Come eravamo. Come siamo ridotti


Qualcuno dirà che questo mio breve articolo è retorico, demagogico. Non lo so e tutto sommato non mi interessa molto. Credo però che le immagini accompagnate da poche parole di commento siano spesso molto più efficaci di analisi elaborate (pur necessarie, sia chiaro…).

Questa che vedete sotto nel video è una manifestazione operaia a Torino negli anni ’70. Questa era la Sinistra (con la S maiuscola) in quella fase storica. La Sinistra alla quale avevo aderito, anima e corpo. Osservate bene le persone, i volti, le espressioni, la composizione sociale, senza starci troppo a pensare, di getto, come si suol dire.

Dopo di che resettate tutto e andate a vedere una manifestazione della “sinistra” di oggi, liberale o radicale che sia. Anche in questo caso osservate le persone, i volti, le espressioni, la composizione sociale, anche in questo caso, senza pensarci troppo.

Vi verranno alla mente tante cose, come è cambiato il mondo, la società, il lavoro, le persone, la cultura, come è cambiata radicalmente la “sinistra” che infatti ora scrivo, non casualmente, fra virgolette e con la minuscola. Un vero e proprio processo di mutazione genetica che l’ha portata ad essere la brodaglia stucchevole e insopportabile che è da almeno quarant’anni.

Fra le tante cose che vi verranno alla mente capirete anche perchè, senza necessità di analisi elaborate, anche nel nostro paese, sta nascendo, anzi è già nato, un nuovo e inquietante partito reazionario di massa.  Una delle tante conseguenze di quella mutazione genetica.

Non riesco ad accettare questo disastro che ha nomi e cognomi. Forse Dio, l’Universo o Chi per Loro li/e perdonerà. Io no.

Scioperi contrattuali alla Fiat. Operai davanti alla Fiat on striscione  Consiglio di fabbrica Fiat- Mirafiori, Torino 1974 - Archivio | 9centro

3 commenti per “Come eravamo. Come siamo ridotti

  1. Giovanni
    14 Giugno 2026 at 22:46

    In fondo è quella trasformazione che Pasolini aveva colto quando ancora era in embrione. Una trasformazione che non era riuscita neppure al fascismo ed è invece riuscita alla modernità.

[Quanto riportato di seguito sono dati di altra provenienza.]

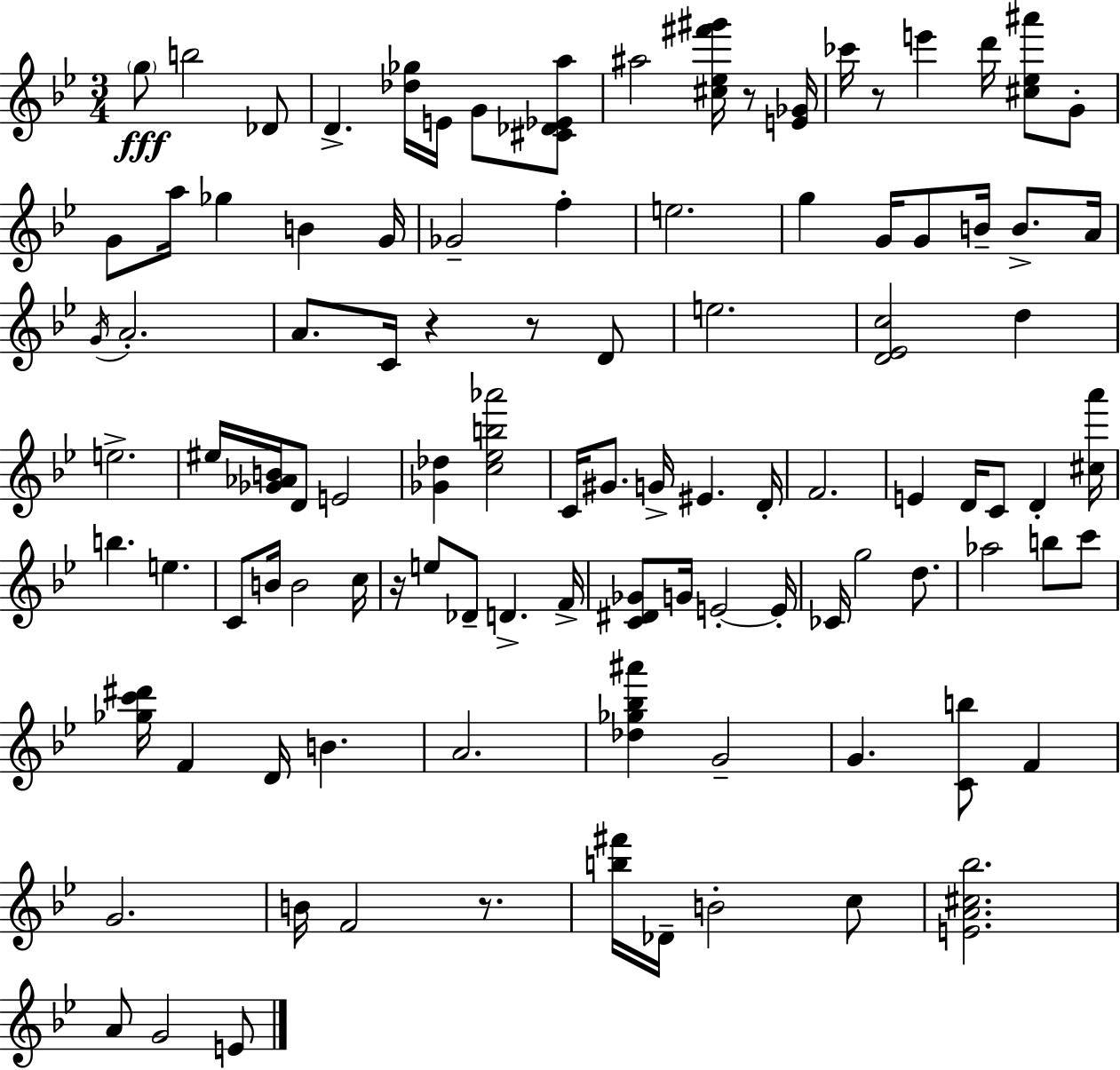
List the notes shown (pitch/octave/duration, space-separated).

G5/e B5/h Db4/e D4/q. [Db5,Gb5]/s E4/s G4/e [C#4,Db4,Eb4,A5]/e A#5/h [C#5,Eb5,F#6,G#6]/s R/e [E4,Gb4]/s CES6/s R/e E6/q D6/s [C#5,Eb5,A#6]/e G4/e G4/e A5/s Gb5/q B4/q G4/s Gb4/h F5/q E5/h. G5/q G4/s G4/e B4/s B4/e. A4/s G4/s A4/h. A4/e. C4/s R/q R/e D4/e E5/h. [D4,Eb4,C5]/h D5/q E5/h. EIS5/s [Gb4,Ab4,B4]/s D4/e E4/h [Gb4,Db5]/q [C5,Eb5,B5,Ab6]/h C4/s G#4/e. G4/s EIS4/q. D4/s F4/h. E4/q D4/s C4/e D4/q [C#5,A6]/s B5/q. E5/q. C4/e B4/s B4/h C5/s R/s E5/e Db4/e D4/q. F4/s [C4,D#4,Gb4]/e G4/s E4/h E4/s CES4/s G5/h D5/e. Ab5/h B5/e C6/e [Gb5,C6,D#6]/s F4/q D4/s B4/q. A4/h. [Db5,Gb5,Bb5,A#6]/q G4/h G4/q. [C4,B5]/e F4/q G4/h. B4/s F4/h R/e. [B5,F#6]/s Db4/s B4/h C5/e [E4,A4,C#5,Bb5]/h. A4/e G4/h E4/e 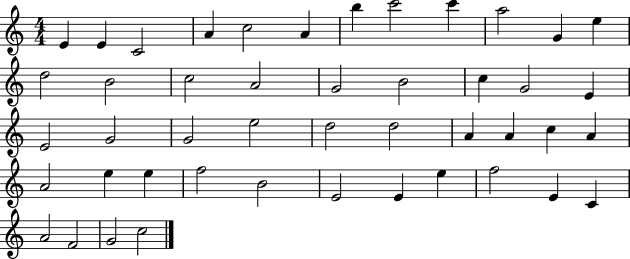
X:1
T:Untitled
M:4/4
L:1/4
K:C
E E C2 A c2 A b c'2 c' a2 G e d2 B2 c2 A2 G2 B2 c G2 E E2 G2 G2 e2 d2 d2 A A c A A2 e e f2 B2 E2 E e f2 E C A2 F2 G2 c2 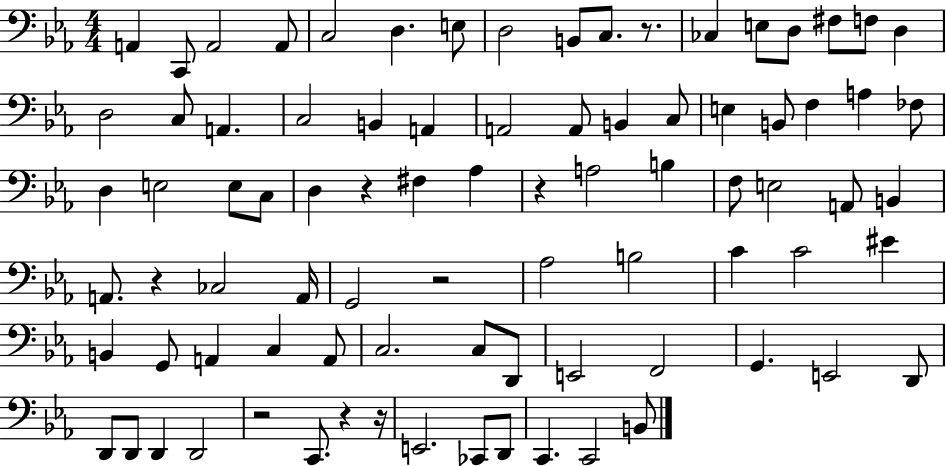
{
  \clef bass
  \numericTimeSignature
  \time 4/4
  \key ees \major
  a,4 c,8 a,2 a,8 | c2 d4. e8 | d2 b,8 c8. r8. | ces4 e8 d8 fis8 f8 d4 | \break d2 c8 a,4. | c2 b,4 a,4 | a,2 a,8 b,4 c8 | e4 b,8 f4 a4 fes8 | \break d4 e2 e8 c8 | d4 r4 fis4 aes4 | r4 a2 b4 | f8 e2 a,8 b,4 | \break a,8. r4 ces2 a,16 | g,2 r2 | aes2 b2 | c'4 c'2 eis'4 | \break b,4 g,8 a,4 c4 a,8 | c2. c8 d,8 | e,2 f,2 | g,4. e,2 d,8 | \break d,8 d,8 d,4 d,2 | r2 c,8. r4 r16 | e,2. ces,8 d,8 | c,4. c,2 b,8 | \break \bar "|."
} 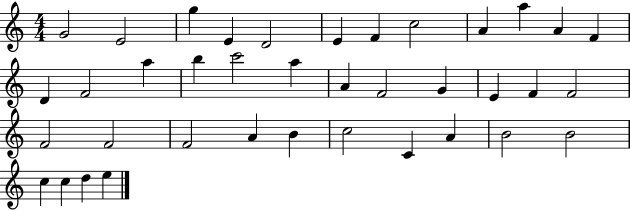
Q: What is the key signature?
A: C major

    L’omologazione verso un modello unico vuoto, che varie forme di consumismo riempiono come una droga. E la droga lascia il vuoto, ti mangia dentro e crea dipendenza.

    Personalmente ho cominciato a capirlo solo pochi anni dopo la grande crisi.

  2. Giulio Bonali
    15 Giugno 2026 at 7:51

    Corruptio optimi pessima (antica saggezza latina).

  3. Enza
    15 Giugno 2026 at 10:56

    Analisi comparata efficacissima senza tante storie. Siamo sgomenti pur se avremmo dovuto assuefarci, rassegnarci, secondo note teorie. Chi è sgomento? Chi ancora ribolle, sussulta, si intossica davanti a tanto sfacelo. Serve a qualcosa? A niente se è così facile accalappiare nella rete milioni di prede. Indubbiamente occorre riconoscere alle classi egemoni, la piena riuscita della pianificazione a partire daglii anni ’70, con picchi magnifici dopo la crisi del 2008. Un tenace fil rouge lega eventi apparentemente lontani nel tempo, nello spazio, nella loro specificità. La covidemia fa parte di questo unico disegno, per esempio, che continua con la guerra diffusa.
    E ogni volta, dopo, ci si ritrova sempre peggio. Non è un caso che i fascismi, storicamente, si alimentino nelle macerie politicihe, sociali, economiche…
    Ora è tardi, troppo tardi con la velocissima, imperiosa IA, riconosciuta dai suoi stessi padri come ingovernabile. Intanto i burattinai si divertono piazzando a loro piacimento fantocci orridi, surreali, infimi, per sprezzante dileggio dei vinti. Come ci siamo ridotti-dici bene- Fabrizio.